Language isolate spoken in Chad

Laal is an endangered language isolate spoken by 750 people (As of 2025) in two villages in the Moyen-Chari prefecture of Chad on opposite banks of the Chari River, called Gori (lá), and Damtar (ɓual). It represents an isolated survival of an earlier language group of Central Africa. It is unwritten except in transcription by linguists. According to former Summer Institute of Linguistics-Chad member David Faris, it is in danger of extinction, with most people under 25 shifting to the locally more widespread Bagirmi.
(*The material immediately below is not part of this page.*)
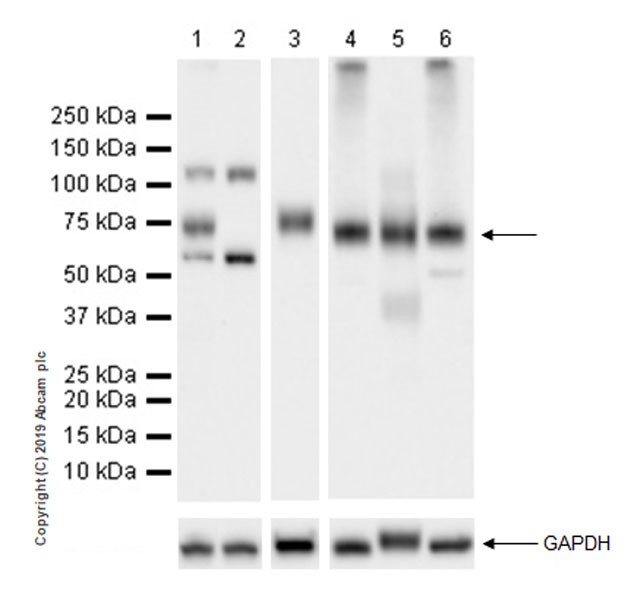Western blot - Anti-BACE1 antibody [EPR22802-233] - BSA and Azide free (AB267796), expandable thumbnail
This language first came to the attention of academic linguists in 1977 through Pascal Boyeldieu's fieldwork in 1975 and 1978. His fieldwork was based, for the most part, on a single speaker, Djouam Kadi of Damtar.

==Speakers and status==
The language's speakers are mainly river fishermen and farmers, who also sell salt extracted from the ashes of doum palms and Vossia cuspidata. Like their neighbours, the Niellim, they were formerly cattle herders but lost their herds around the turn of the 19th century. They are mainly Muslims, but until the latter half of the 20th century, they followed the traditional Yondo religion of the Niellim. The area is fairly undeveloped; while there are Qur'anic schools in Gori and Damtar, the nearest government school is 7 km away, and there is no medical dispensary in the region (As of 1995).

The village of Damtar formerly had a distinct dialect, called Laabe (la:bé), with two or three speakers remaining in 1977; it was replaced by the dialect of Gori after two Gori families fled there at the end of the 19th century to escape a war. No other dialects of Laal are known.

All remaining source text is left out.